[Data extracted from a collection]
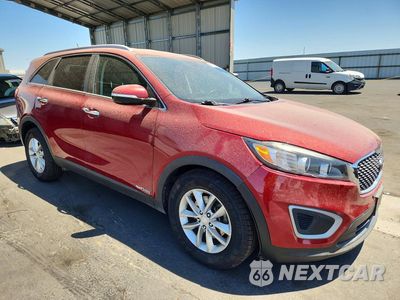 Czwarte zdjęcie samochodu z boku: 2016 KIA SORENTO LX V6 VIN:5XYPGDA50GG132319 - miniatura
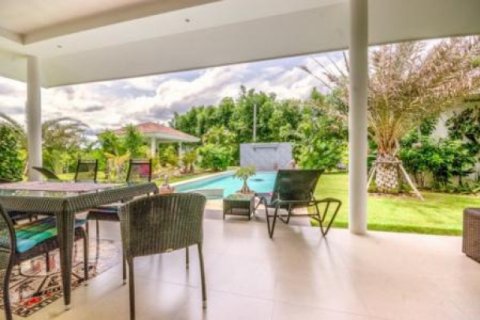 Chalet de 3 dormitorios en Hua Hin, Tailandia № 202821 - foto 3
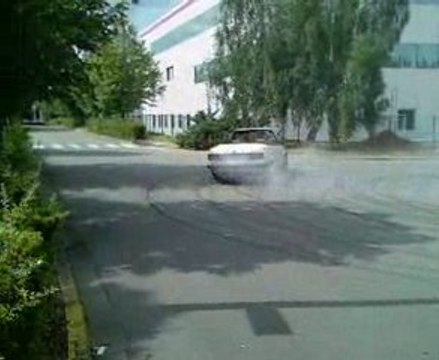 Burn & drift bmw cab 2.5l eclatage de pneus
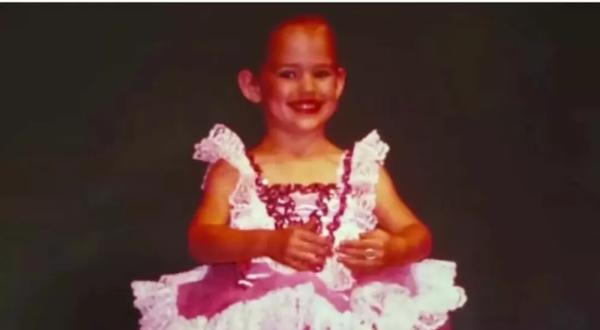 Дженнифер Гарнер поделилась архивным детским фото
Дженнифер Гарнер поделилась архивным детским фото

▸ PROMPT
What is needed is an exact restatement of every line from the one containing "Chalet de 3" through the last line of the records, pictures left out.

▸ RESULT BELOW
 Chalet de 3 dormitorios en Hua Hin, Tailandia № 202821 - foto 3
 Burn & drift bmw cab 2.5l eclatage de pneus
 Дженнифер Гарнер поделилась архивным детским фото
Дженнифер Гарнер поделилась архивным детским фото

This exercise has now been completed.